Problem requirements: Pictures stay out of the copy; set down each line of the listing below exactly.

Stored data:
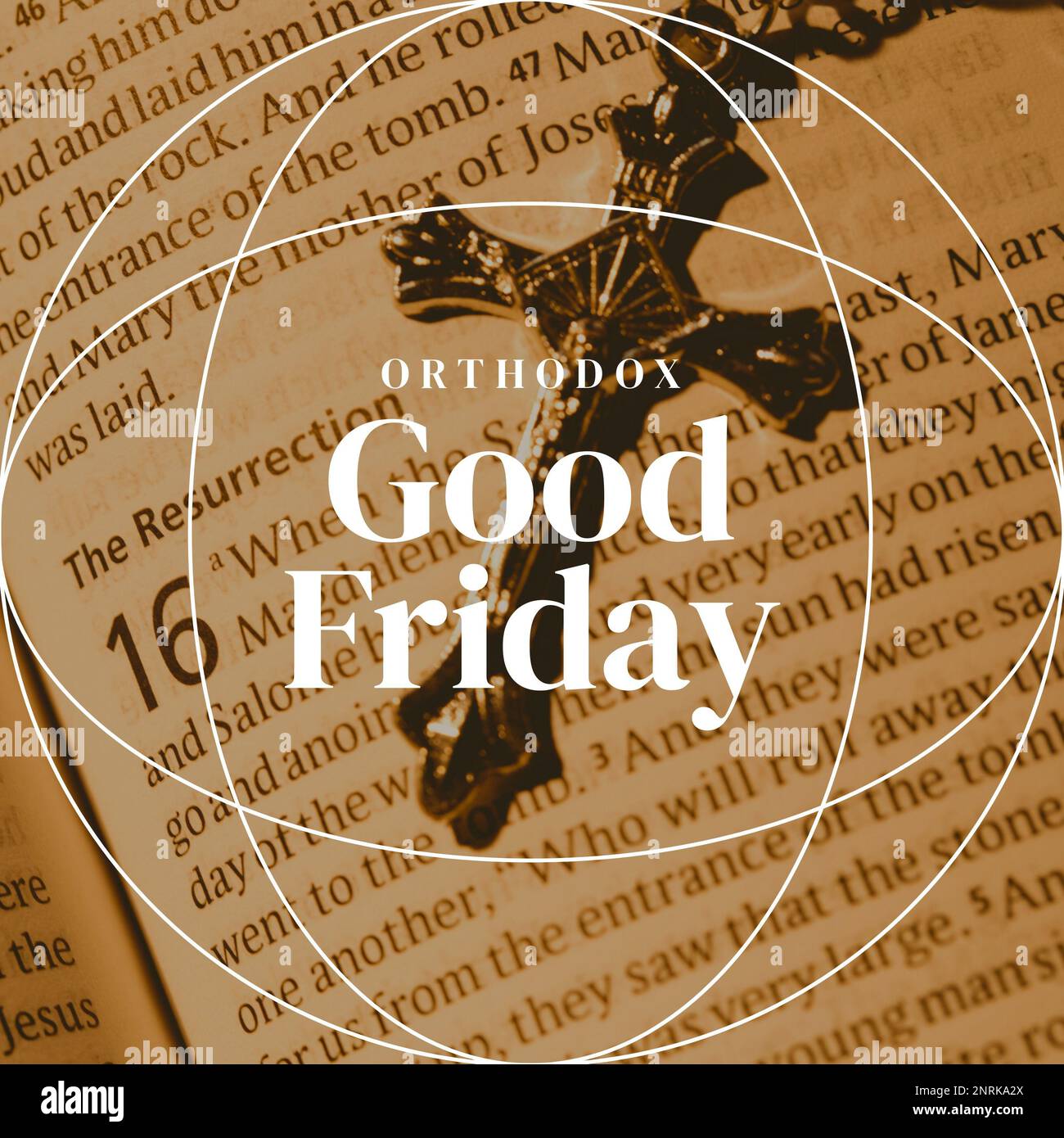 Composite of orthodox good friday text in geometric shapes over bible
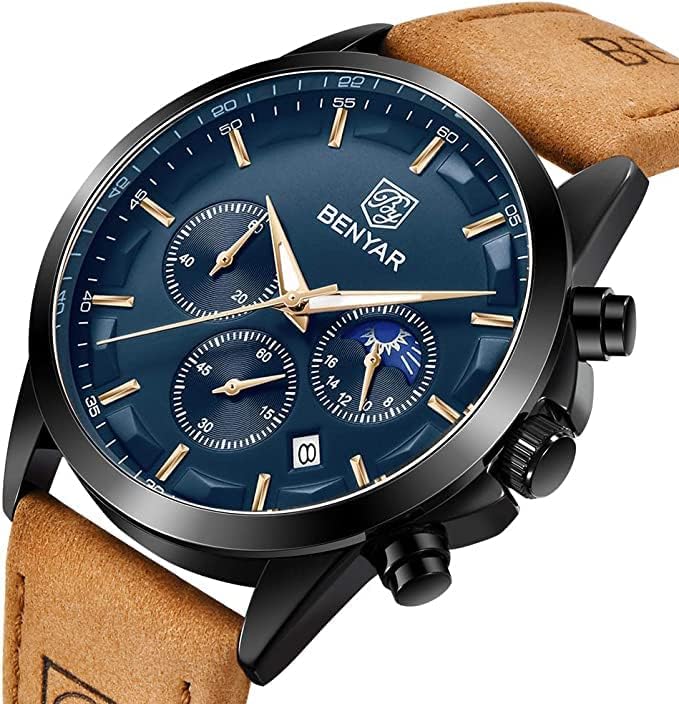 BY BENYAR Men's Watches Waterproof Sport Military Watch for Men Multifunction Chronograph Black Fashion Quartz Wristwatches Calendar with Leather Strap/Stainless Steel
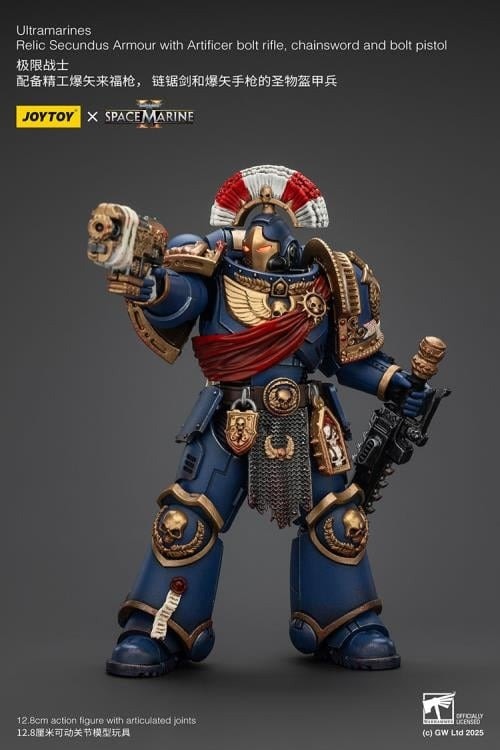 Warhammer 40,000: Space Marine 2 Ultramarines Relic Secundus Armor with Artificer Bolt Rifle, Chainsword and Bolt Pistol 1/18 Scale Action Figure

Finished exercise:
 Composite of orthodox good friday text in geometric shapes over bible
 BY BENYAR Men's Watches Waterproof Sport Military Watch for Men Multifunction Chronograph Black Fashion Quartz Wristwatches Calendar with Leather Strap/Stainless Steel
 Warhammer 40,000: Space Marine 2 Ultramarines Relic Secundus Armor with Artificer Bolt Rifle, Chainsword and Bolt Pistol 1/18 Scale Action Figure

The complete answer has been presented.